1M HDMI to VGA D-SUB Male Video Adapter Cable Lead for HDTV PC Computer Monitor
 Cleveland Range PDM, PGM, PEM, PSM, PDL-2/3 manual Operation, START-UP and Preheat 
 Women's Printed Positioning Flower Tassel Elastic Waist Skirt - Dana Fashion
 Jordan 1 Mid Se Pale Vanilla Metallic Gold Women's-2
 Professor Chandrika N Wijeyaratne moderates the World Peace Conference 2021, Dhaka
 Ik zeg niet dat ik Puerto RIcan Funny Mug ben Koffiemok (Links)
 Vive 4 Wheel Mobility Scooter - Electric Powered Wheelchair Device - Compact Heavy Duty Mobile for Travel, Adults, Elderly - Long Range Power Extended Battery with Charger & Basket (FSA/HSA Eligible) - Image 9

____________

▶ [Directions]
Lines from the one with "Jordan 1 Mid" through the end of the data: set these down exactly, including both ends and nothing more.

▶ [Task answer]
 Jordan 1 Mid Se Pale Vanilla Metallic Gold Women's-2
 Professor Chandrika N Wijeyaratne moderates the World Peace Conference 2021, Dhaka
 Ik zeg niet dat ik Puerto RIcan Funny Mug ben Koffiemok (Links)
 Vive 4 Wheel Mobility Scooter - Electric Powered Wheelchair Device - Compact Heavy Duty Mobile for Travel, Adults, Elderly - Long Range Power Extended Battery with Charger & Basket (FSA/HSA Eligible) - Image 9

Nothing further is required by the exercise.